§ Records to use
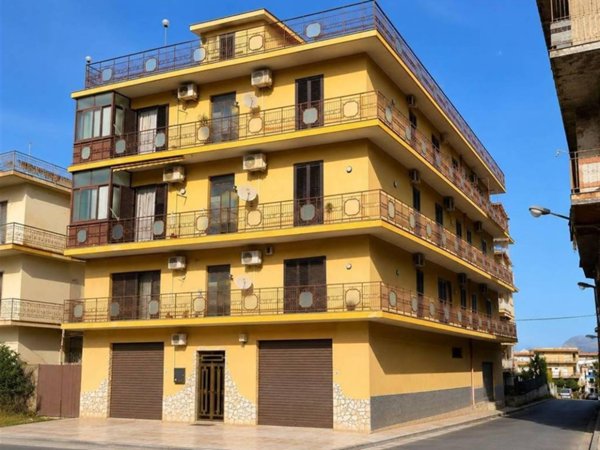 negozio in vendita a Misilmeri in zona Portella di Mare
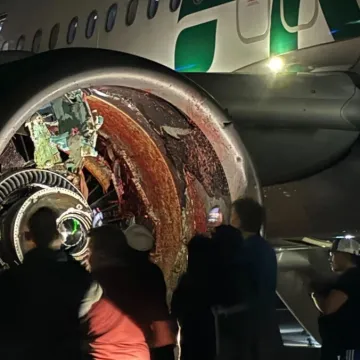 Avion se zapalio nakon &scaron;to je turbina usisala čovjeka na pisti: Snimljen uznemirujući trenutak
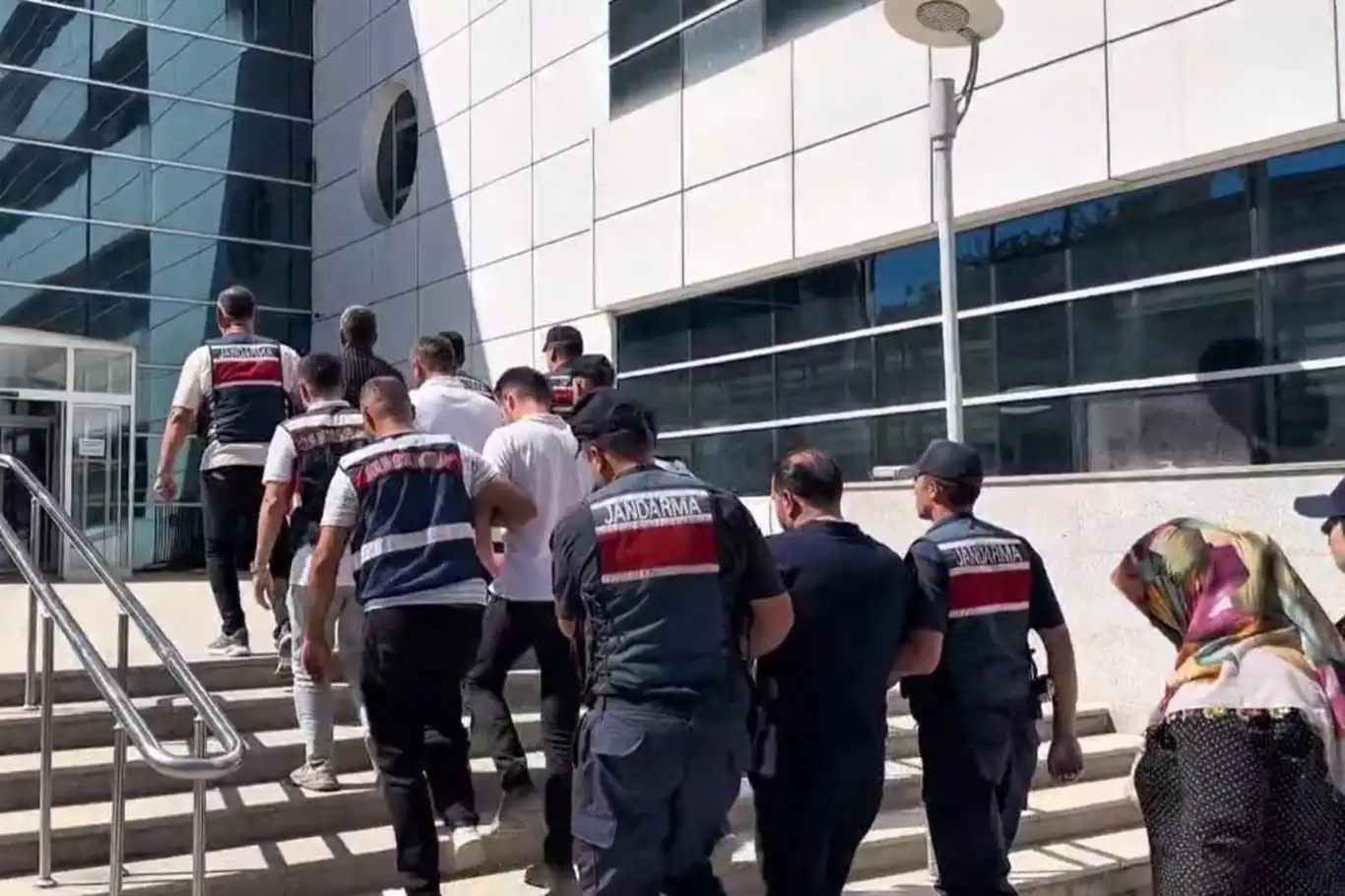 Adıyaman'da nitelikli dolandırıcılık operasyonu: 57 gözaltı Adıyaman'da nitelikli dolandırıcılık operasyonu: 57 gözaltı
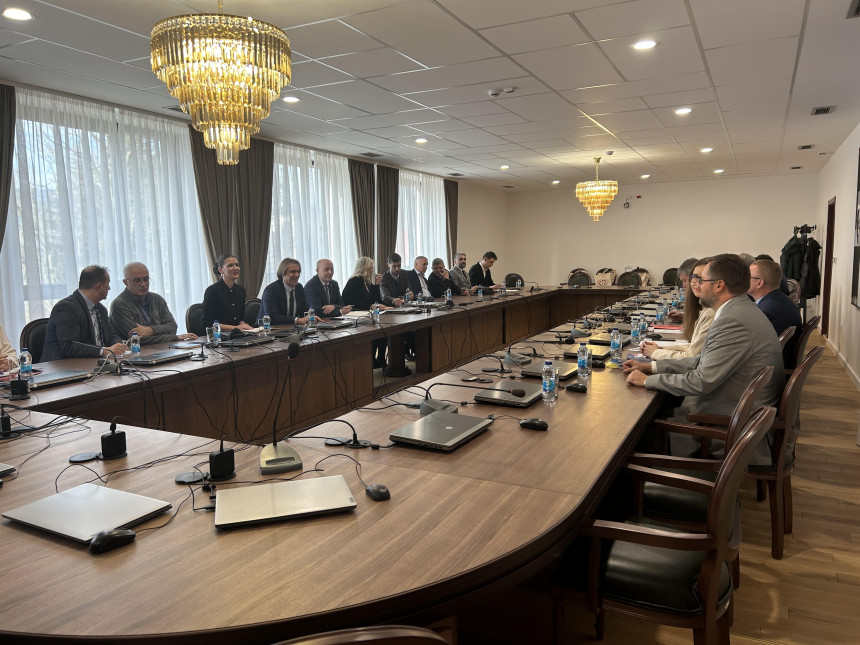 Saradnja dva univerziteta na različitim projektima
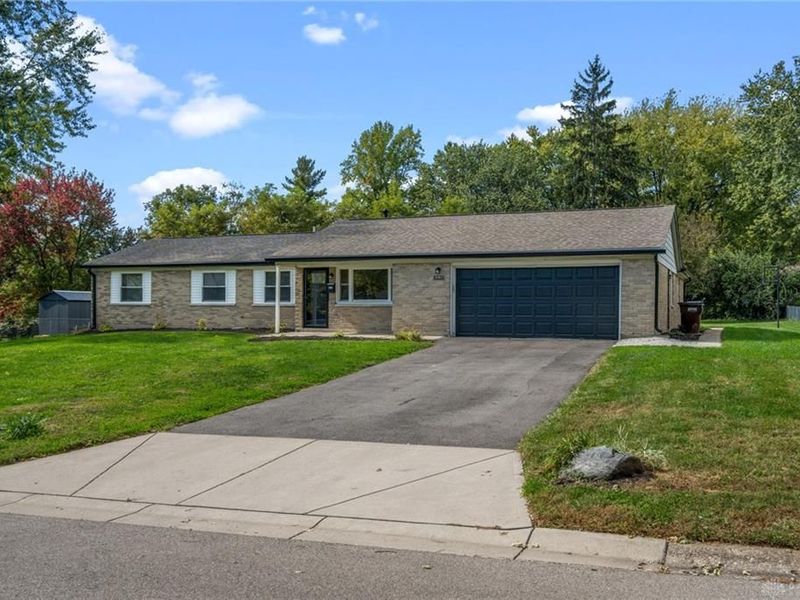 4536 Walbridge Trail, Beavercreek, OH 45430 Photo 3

§ What to work on
Pictures aside, every entry above must be repeated exactly.

§ Written solution
 negozio in vendita a Misilmeri in zona Portella di Mare
 Avion se zapalio nakon &scaron;to je turbina usisala čovjeka na pisti: Snimljen uznemirujući trenutak
 Adıyaman'da nitelikli dolandırıcılık operasyonu: 57 gözaltı Adıyaman'da nitelikli dolandırıcılık operasyonu: 57 gözaltı
 Saradnja dva univerziteta na različitim projektima
 4536 Walbridge Trail, Beavercreek, OH 45430 Photo 3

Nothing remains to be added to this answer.